At each date the seven selected series were then combined into a
leading indicator index. First, each series was adjusted for differences
in levels and volatility by subtracting the mean (computed over the
previous 48 months) and dividing by its standard deviation (also
calculated over the previous 48 months). To avoid undue influences from
highly unusual events, such as the government's freeing the price
of gold, each observation had a maximum absolute value of three (larger
values were accordingly reduced). Unlike the procedure for producing the
CLI for most of its history, the strategy employed here was to use equal
weights for the series. Our index was simply the average of the seven
transformed series.(9)
The graph of the resulting series, along with the 12-month change in
the core CPI, is presented in Figure 1. The inflation series is dated so
that an entry at date t is the percentage change in the core CPI from t
to t + 12. Table A2 in the appendix shows how often the various series
enter the index, and Table A3 contains the composition of the index at
turning points of the inflation cycle.
3. PERFORMANCE OF THE INDEX OF LEADING INDICATORS OF INFLATION
Ex Post Qualitative Evaluation
We experimented with the possibility of following Stock and Watson
(1989) and constructing an index with an explicit statistical meaning,
namely, the forecast of the core CPI from a bivariate VAR of the core
CPI and the ILII. When such models are estimated for U.S. data over the
last 30 years, however, the estimated coefficient on the first lagged
value of the inflation rate in the price equation is always relatively
large and tends to overshadow other terms. If one then uses that
estimated equation for forecasting, it therefore tends to place such a
large weight on recent inflation that the resulting forecasts are
lagging indicators around turning points. Since the goal of the ILII is
to promptly recognize or predict sustained and substantial changes in
the inflation rate, the additional lag introduced by stating the index
as a VAR forecast is unacceptable.
The ILII therefore needs a well-defined signal before its performance
can be assessed. Figure 1 indicates that the ILII tends to promptly
recognize substantial changes in inflation, although inevitably there
are a lot of small fluctuations in the graph. In order to filter out
small changes, we reduced to zero those values that had absolute values
of less than one, thereby producing the series shown in Figure 2. A
signal of rising inflation is thus a value greater than or equal to one,
and a signal of declining inflation is a value less than or equal to
minus one. An observation of at least one in absolute value will be
referred to as a main signal.
The interpretation of observations with absolute values less than one
is less obvious. We adopt the rule that a main signal is valid for up to
11 months if followed by absolute values less than one. Twelve months of
such small readings, however, can be an early signal of a turning point.

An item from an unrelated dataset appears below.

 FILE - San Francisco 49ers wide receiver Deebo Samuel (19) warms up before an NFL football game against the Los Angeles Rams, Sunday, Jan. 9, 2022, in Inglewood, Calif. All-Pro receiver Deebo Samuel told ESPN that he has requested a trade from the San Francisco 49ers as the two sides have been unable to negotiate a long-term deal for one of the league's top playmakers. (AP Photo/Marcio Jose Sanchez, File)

We define it as a signal if the ILII in the twelfth month is positive
for a signal of rising inflation (that is, in the neighborhood of a
trough) or if the ILII is negative for a signal of falling inflation. An
early signal remains valid until a main signal is received. As can be
seen in Figure 2 or Table 1, in several instances there is no early
signal of a turning point.
There is also no official dating of periods of substantial and
sustained changes in the rate of inflation. Inspecting Figure 1 yields
the following dates: peaks in March 1956, November 1969, February 1974,
June 1979, and February 1990, and troughs in January 1962, January 1972,
October 1976, August 1982, and possibly in December 1993. There is, of
course, room for disagreement about particular dates. The hardest call
was whether to define another peak and trough in the mid-1980s. Other
authors, looking at slightly different data, have taken opposing sides.

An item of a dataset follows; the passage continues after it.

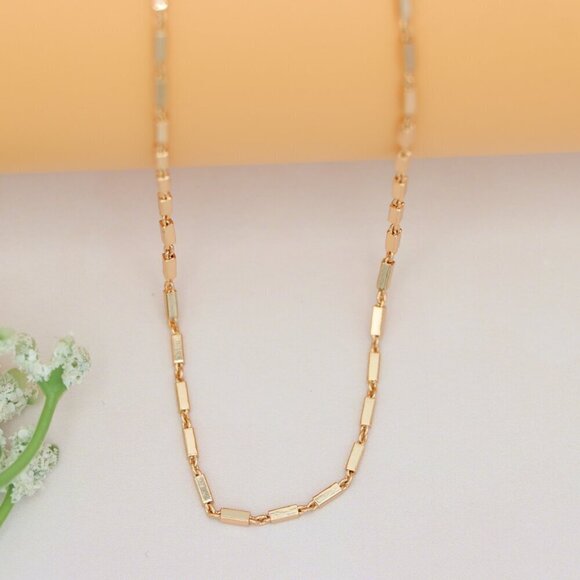 "Chunky Rectangle Chain Rose Gold Necklace, XPNL0181 - Picture 9 of 12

Roth (1989) argued that "[t]he eleven-month upturn in inflation
beginning in March 1983 is most likely a statistical artifact" (p.

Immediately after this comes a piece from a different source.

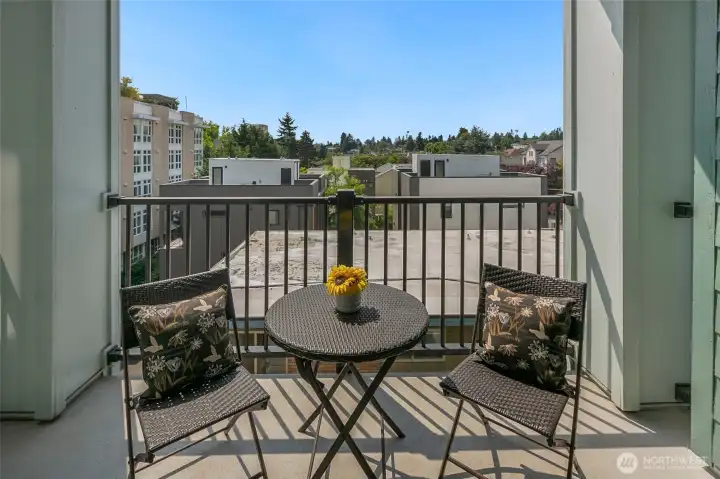A generous size-west facing deck off the living room to watch the sunset.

283). Moore (1991), however, found a peak in early 1984 and a trough in
1986. By looking at the 12-month forward rate of change of the core CPI,
one can see that inflation reached a local minimum in August 1982 at 3.1
percent. It then rose to 5.3 percent in July 1983, which is a
substantial change. However, it then fell to 4.2 percent by July 1984
and to 3.8 percent in November 1985. Thus the bulk of the increase was
not sustained but rather was fairly quickly reversed. Accordingly, the
11-month upswing is not counted as a substantial and sustained increase
in the rate of inflation.
Table 1 contains the resulting inflation signals from the ILII and
compares them with peaks and troughs. The index is helpful in
recognizing major changes in inflation rates, but often does not
anticipate turning points; the median time for receiving the first
signal is five months after the turning point. The 1990 peak is the only
one that is clearly predicted, although the turn is recognized
immediately at the November 1969 peak. If December 1993 or a nearby date
turns out to be a trough, the ILII will have given a prompt signal; it
is possible, however, that it will turn out to be a false signal. The
worst performance is the 1982 trough, which is only recognized after 15
months. Other turning points are recognized within a year. Importantly,
no false signals are generated(10) and no turning points are missed. In
addition, although the ILII appears to recognize, not anticipate, the
dates of major changes in the rate of inflation, Table 2 presents
evidence that it does anticipate the bulk of the change in the inflation
rate. The change in the inflation rate before a signal is no greater
than 0.5 [TABULAR DATA FOR TABLE 1 OMITTED] [TABULAR DATA FOR TABLE 2
OMITTED] percent, whereas the change after the signal is received ranges
from 2.1 to 10.5 percent.
Although the format of Table 1 and Figure 2 may at first glance
resemble those used by others who have evaluated leading indicators,
such as Klein (1986), Moore (1991), and Roth (1991), there is a key
difference. The other authors compare the value of a leading indicator
with inflation calculated as the contemporaneous value's change
from lagged values. Thus they are comparing an indicator with lagging
inflation, a comparison that may not be relevant for actual use of a
leading index. Our analysis compares the leading indicator with future
inflation. The difference can be seen in Table 1, in which inflation is
also calculated in the manner used by the other authors, and the
resulting dates of turning points are displayed in parentheses. From
those dates it would appear that the index has more predictive power than originally indicated, even though the ILII is unchanged. What has
changed is the method of calculating inflation, which shifts the dates
of turning points forward by a little over eight months, on average.(11)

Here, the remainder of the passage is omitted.